YAŞAM

Kılavuz

Kılavuz, yol gösterendir.

”Kılavuzu karga olanın burnu b.ktan kurtulmaz” sözcüğü, mizah edebiyatının çok önemli bir uyarısıdır.

”Eşek çamura bir defa düşer” sözcüğü, develerin oldukça iyi bir kılavuz seçtiklerine bir işaret sayılabilir.

İnsanlar bir gelişim içindeler, her dönemde, her konuyu iyi bilemedikleri için, genelde bir kılavuza ihtiyaç duymuşlardır. Dünyadaki insanlara baktığımızda, yaşam standartları ve siyasi konumları bakımından, çok farklı olduklarını görürüz, zengin fakir, özgür esir, gibi. Bunun en önemli nedeni, herhalde, o toplumların seçtikleri kılavuzlar olmalı.

Kılavuzlanmak bir anlamda güdülmektir. Güdülmek insan doğasına aykırı olmakla beraber, güdülen insanların sayısı oldukça fazla. Vahdettin, ”Bu toplumun güdülmeye ihtiyacı var, o çoban da benim” demiştir.

Kur-an, Bakara Suresi-104, ”Ey iman edenler, raina demeyin, unzurna deyin / bizi davar gibi güt diye konuşmayın, bize bak diye konuşun ve dinleyin…” diye emrediyor. (Y. N. Öztürk)

Ey iman edenler, siz davar değilsiniz, kendinizi güttürmeyin! İnsanlar güdülmemek için, kendilerini tanımak ve ellerini taşın altına sokmak zorundadırlar. Allah’ın, diğer canlılara vermeyip, insana lütfettiği en büyük değer Akıldır… Aklı tanımayan, kendi aklının varlığından haberdar olmayan insan tek kelimeyle akılsızdır ve güdülmeye mahkumdur.

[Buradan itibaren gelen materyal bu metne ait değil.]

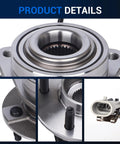 Front Wheel Hub Bearing Assembly 5 Lug With ABS Direct Fit For Chevy Equinox 2005 2006, Pontiac Torrent 2006, Saturn Vue 2002 2007 OE Grade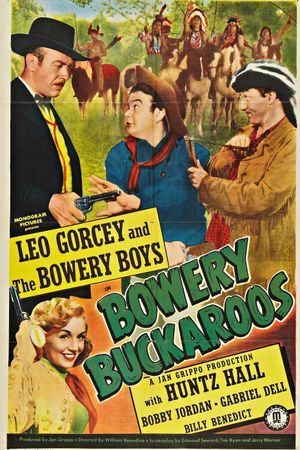 Bowery Buckaroos's poster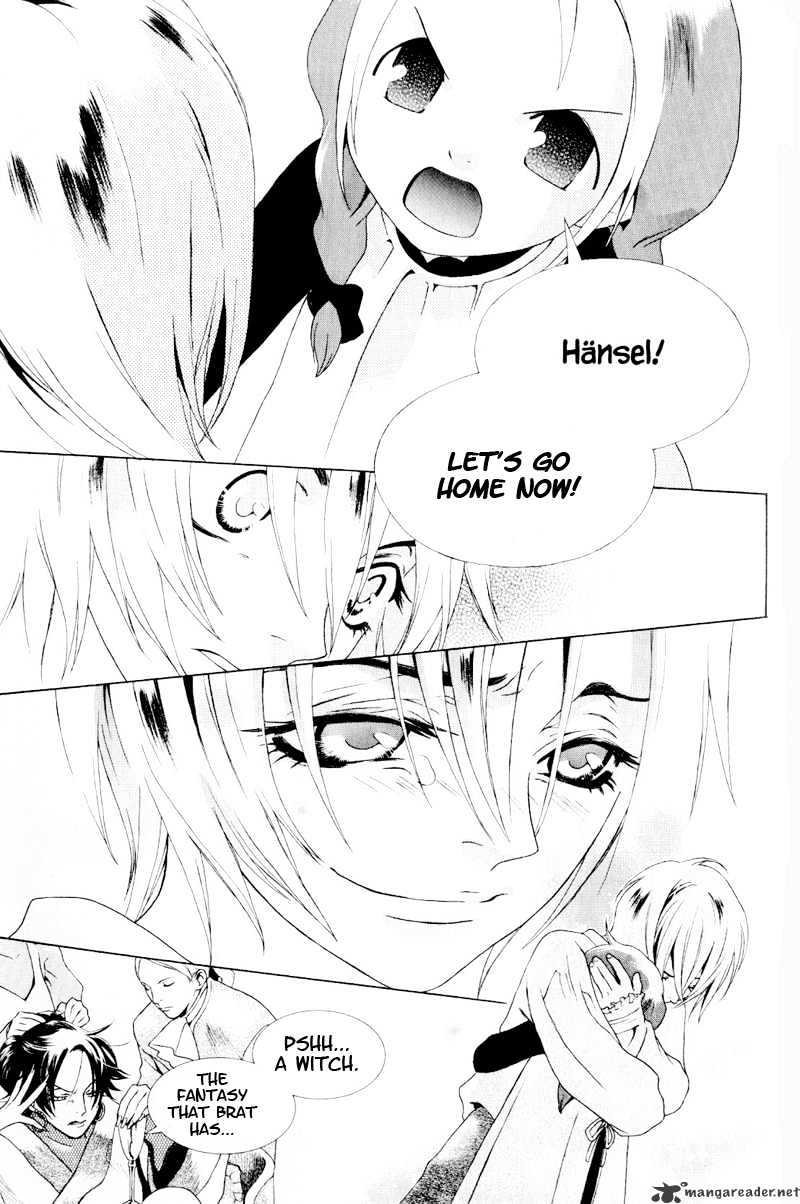 Grimms Manga - Chapter 3 : Hansel Und Gretel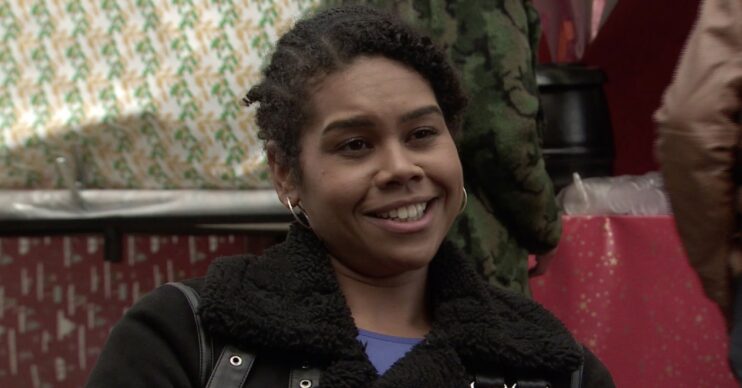 Kate Spencer as Grace Vickers in Coronation Street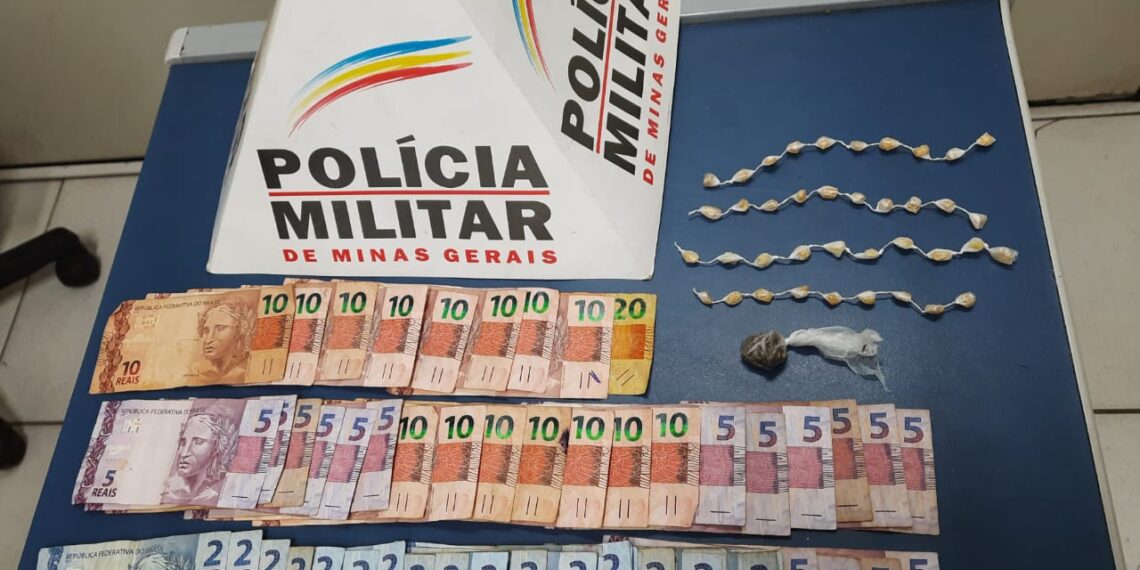 POÇOS DE CALDAS | Dupla de adolescentes é detida suspeita de tráfico de drogas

Karşılaşılan sorunları çözebilmek marifettir, fakat sorunları önceden görüp oluşmasını ve tekrarlanmasını önlemek daha büyük bir marifettir. Çevreyi temizlemekten önce, çevreyi kirletmemeye çalışalım. Çocuklarımızı doğrudan koruyalım ama onları güçlendirip kendi kendilerini korumalarını sağlamaya öncelik verelim. Fakire sadaka da verelim ama önce iş vermeye çalışalım. Bilmeyene balık ikram etmek yerine balık tutmasını öğretelim.

Lafı uzatmaya gerek yok, işin özü, sorunların altından kalkmanın ve güdülmemenin ön şartı insanın bilgili ve bilinçli olmasıdır.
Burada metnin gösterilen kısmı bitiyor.